**Exercise**
Your answer must be an exact copy of the records, with no pictures included.

(Source data Opens)

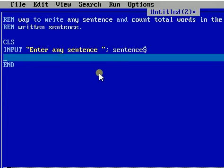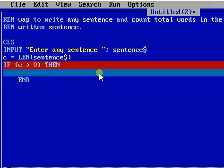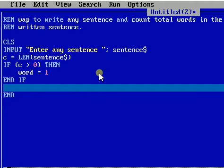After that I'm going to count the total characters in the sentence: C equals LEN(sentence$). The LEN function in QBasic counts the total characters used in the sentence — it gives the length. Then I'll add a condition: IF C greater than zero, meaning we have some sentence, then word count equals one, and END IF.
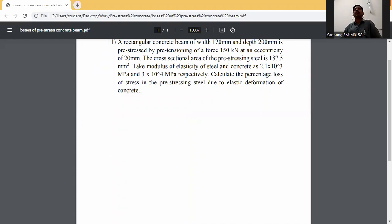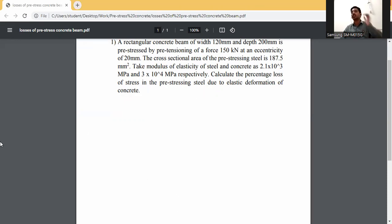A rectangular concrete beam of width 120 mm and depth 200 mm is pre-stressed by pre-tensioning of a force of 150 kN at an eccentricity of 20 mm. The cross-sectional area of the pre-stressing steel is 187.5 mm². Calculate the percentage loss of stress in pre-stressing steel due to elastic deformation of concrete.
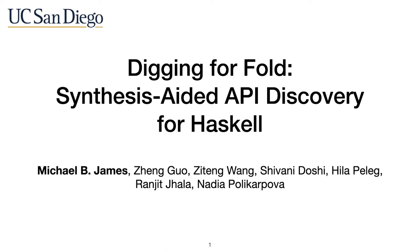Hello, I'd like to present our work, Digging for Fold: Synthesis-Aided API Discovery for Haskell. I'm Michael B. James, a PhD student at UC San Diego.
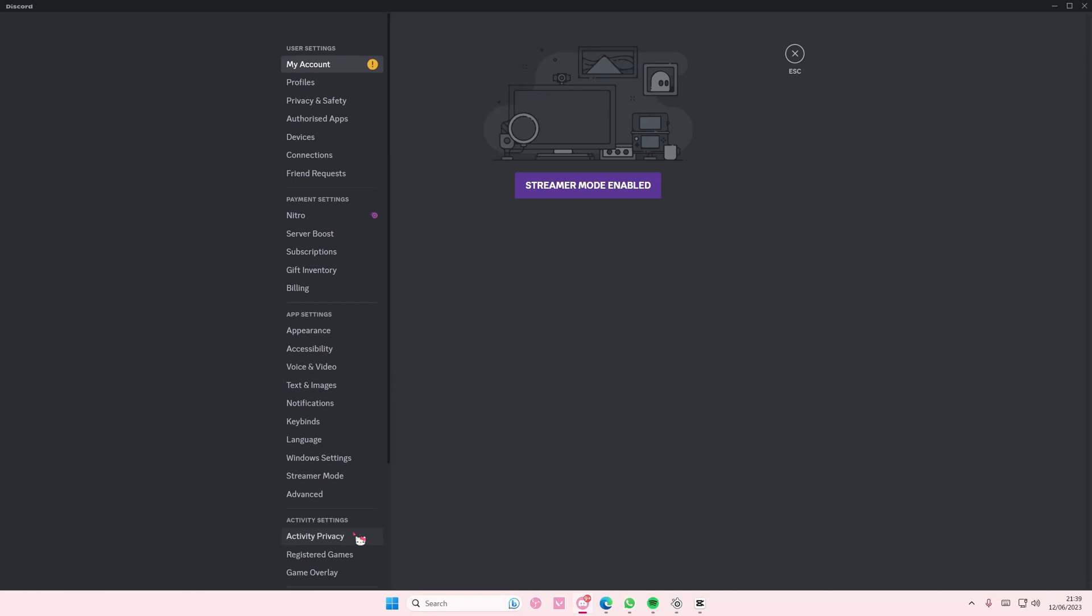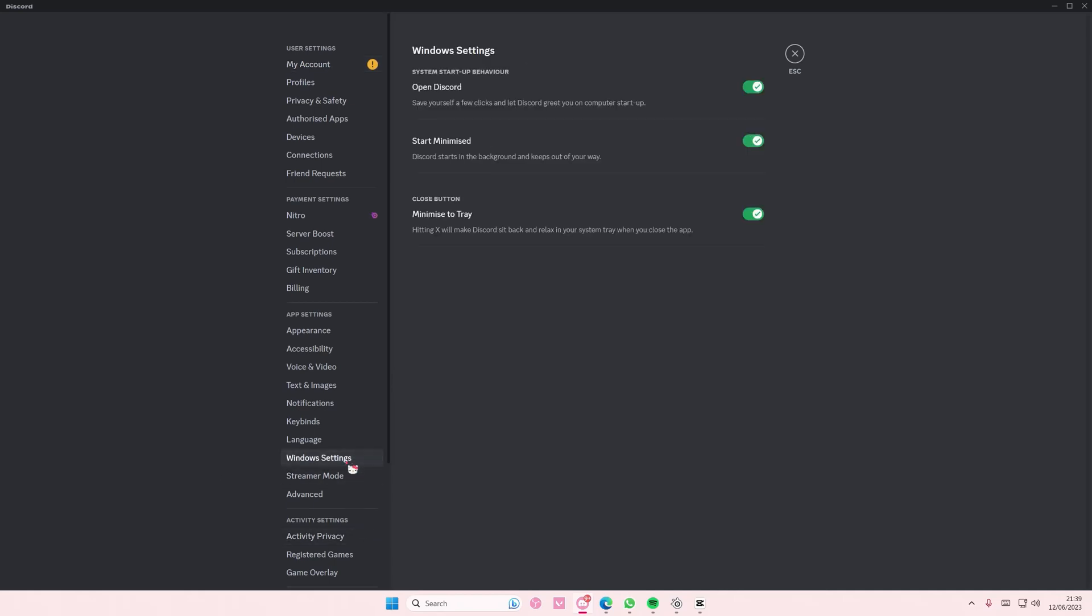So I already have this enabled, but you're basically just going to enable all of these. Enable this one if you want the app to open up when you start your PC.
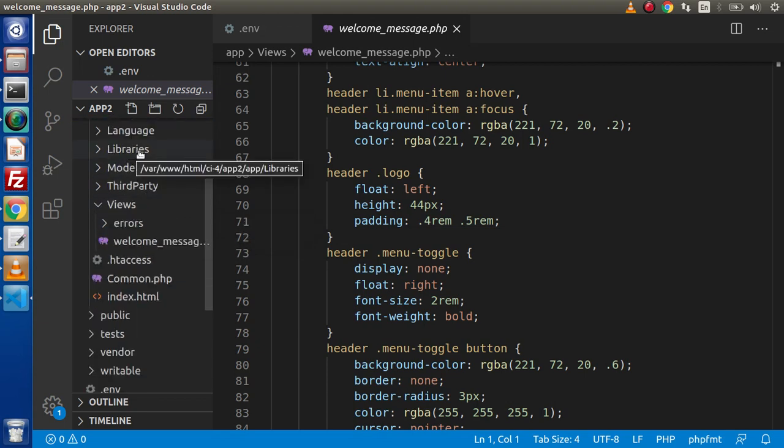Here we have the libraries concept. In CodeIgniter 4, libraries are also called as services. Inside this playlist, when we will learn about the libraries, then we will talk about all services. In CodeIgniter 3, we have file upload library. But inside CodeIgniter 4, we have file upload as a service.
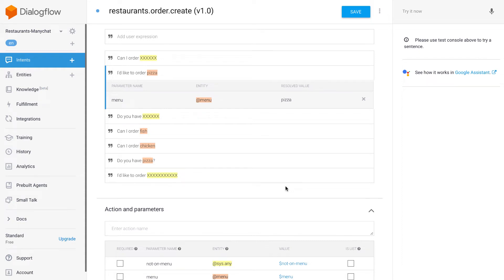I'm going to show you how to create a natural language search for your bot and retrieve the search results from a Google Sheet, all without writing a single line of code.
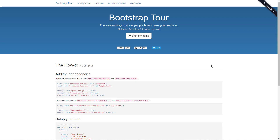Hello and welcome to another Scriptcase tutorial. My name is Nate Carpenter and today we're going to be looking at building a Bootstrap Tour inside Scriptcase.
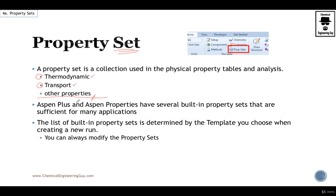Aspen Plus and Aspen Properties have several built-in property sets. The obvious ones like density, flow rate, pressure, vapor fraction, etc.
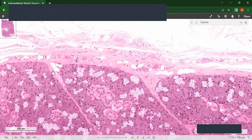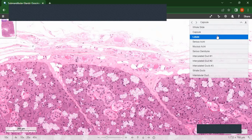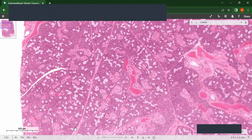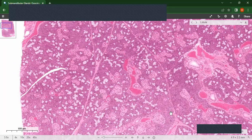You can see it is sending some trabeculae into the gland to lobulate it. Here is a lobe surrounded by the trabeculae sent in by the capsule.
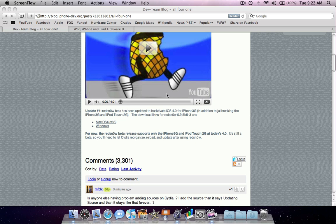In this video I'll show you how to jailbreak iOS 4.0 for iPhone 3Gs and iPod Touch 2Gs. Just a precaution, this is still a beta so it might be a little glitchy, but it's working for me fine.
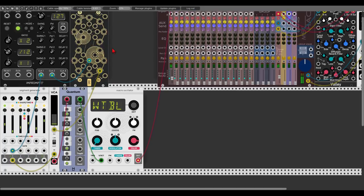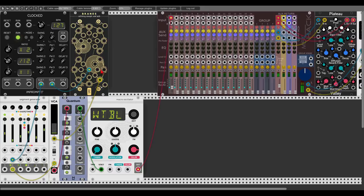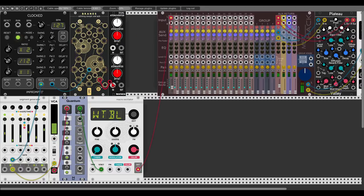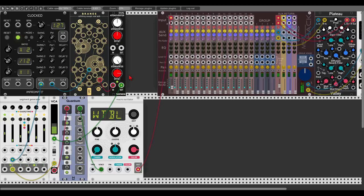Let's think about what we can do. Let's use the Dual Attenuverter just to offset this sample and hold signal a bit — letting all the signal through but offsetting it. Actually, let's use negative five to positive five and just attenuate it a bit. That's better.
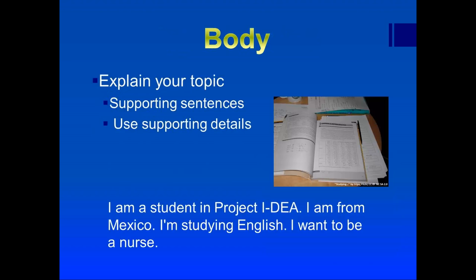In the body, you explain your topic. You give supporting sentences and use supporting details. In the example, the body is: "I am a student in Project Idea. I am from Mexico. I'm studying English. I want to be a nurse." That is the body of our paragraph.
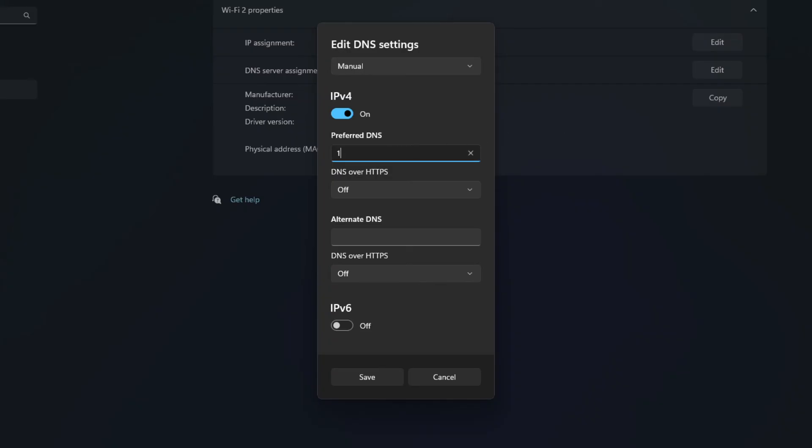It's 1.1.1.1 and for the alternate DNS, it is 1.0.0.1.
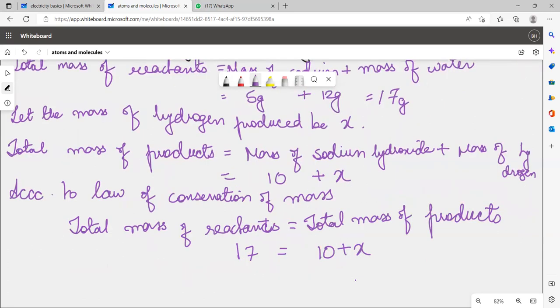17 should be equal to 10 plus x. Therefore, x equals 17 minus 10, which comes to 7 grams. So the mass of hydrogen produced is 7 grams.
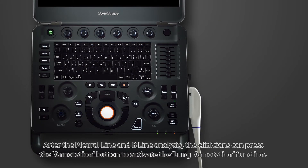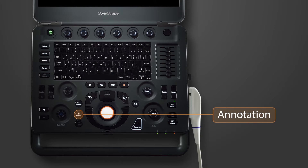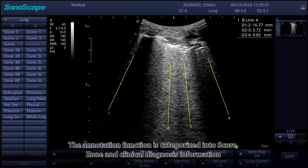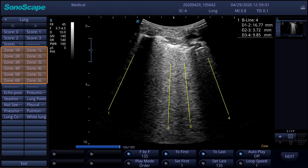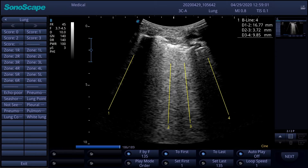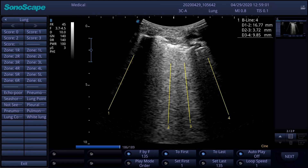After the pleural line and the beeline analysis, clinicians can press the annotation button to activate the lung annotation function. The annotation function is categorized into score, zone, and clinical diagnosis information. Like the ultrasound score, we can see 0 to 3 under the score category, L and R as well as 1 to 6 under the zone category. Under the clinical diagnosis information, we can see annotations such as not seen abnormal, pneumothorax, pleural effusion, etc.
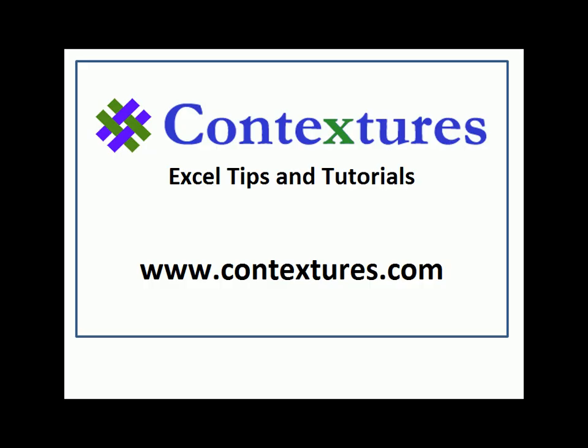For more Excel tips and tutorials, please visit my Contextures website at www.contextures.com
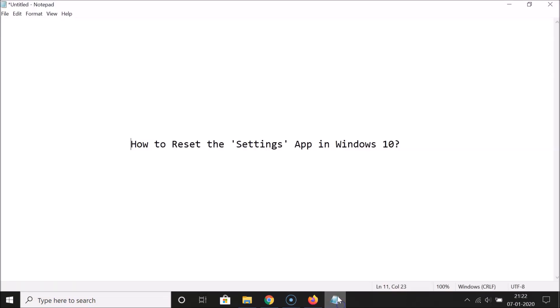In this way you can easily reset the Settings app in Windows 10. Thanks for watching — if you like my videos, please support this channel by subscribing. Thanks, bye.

(Source data Closes)

**The answer**
After that I'm going to count the total characters in the sentence: C equals LEN(sentence$). The LEN function in QBasic counts the total characters used in the sentence — it gives the length. Then I'll add a condition: IF C greater than zero, meaning we have some sentence, then word count equals one, and END IF.
A rectangular concrete beam of width 120 mm and depth 200 mm is pre-stressed by pre-tensioning of a force of 150 kN at an eccentricity of 20 mm. The cross-sectional area of the pre-stressing steel is 187.5 mm². Calculate the percentage loss of stress in pre-stressing steel due to elastic deformation of concrete.
Hello, I'd like to present our work, Digging for Fold: Synthesis-Aided API Discovery for Haskell. I'm Michael B. James, a PhD student at UC San Diego.
So I already have this enabled, but you're basically just going to enable all of these. Enable this one if you want the app to open up when you start your PC.
Here we have the libraries concept. In CodeIgniter 4, libraries are also called as services. Inside this playlist, when we will learn about the libraries, then we will talk about all services. In CodeIgniter 3, we have file upload library. But inside CodeIgniter 4, we have file upload as a service.
I'm going to show you how to create a natural language search for your bot and retrieve the search results from a Google Sheet, all without writing a single line of code.
Hello and welcome to another Scriptcase tutorial. My name is Nate Carpenter and today we're going to be looking at building a Bootstrap Tour inside Scriptcase.
Aspen Plus and Aspen Properties have several built-in property sets. The obvious ones like density, flow rate, pressure, vapor fraction, etc.
You can see it is sending some trabeculae into the gland to lobulate it. Here is a lobe surrounded by the trabeculae sent in by the capsule.
In this video I'll show you how to jailbreak iOS 4.0 for iPhone 3Gs and iPod Touch 2Gs. Just a precaution, this is still a beta so it might be a little glitchy, but it's working for me fine.
Let's think about what we can do. Let's use the Dual Attenuverter just to offset this sample and hold signal a bit — letting all the signal through but offsetting it. Actually, let's use negative five to positive five and just attenuate it a bit. That's better.
In the body, you explain your topic. You give supporting sentences and use supporting details. In the example, the body is: "I am a student in Project Idea. I am from Mexico. I'm studying English. I want to be a nurse." That is the body of our paragraph.
It's 1.1.1.1 and for the alternate DNS, it is 1.0.0.1.
17 should be equal to 10 plus x. Therefore, x equals 17 minus 10, which comes to 7 grams. So the mass of hydrogen produced is 7 grams.
After the pleural line and the beeline analysis, clinicians can press the annotation button to activate the lung annotation function. The annotation function is categorized into score, zone, and clinical diagnosis information. Like the ultrasound score, we can see 0 to 3 under the score category, L and R as well as 1 to 6 under the zone category. Under the clinical diagnosis information, we can see annotations such as not seen abnormal, pneumothorax, pleural effusion, etc.
For more Excel tips and tutorials, please visit my Contextures website at www.contextures.com
In this way you can easily reset the Settings app in Windows 10. Thanks for watching — if you like my videos, please support this channel by subscribing. Thanks, bye.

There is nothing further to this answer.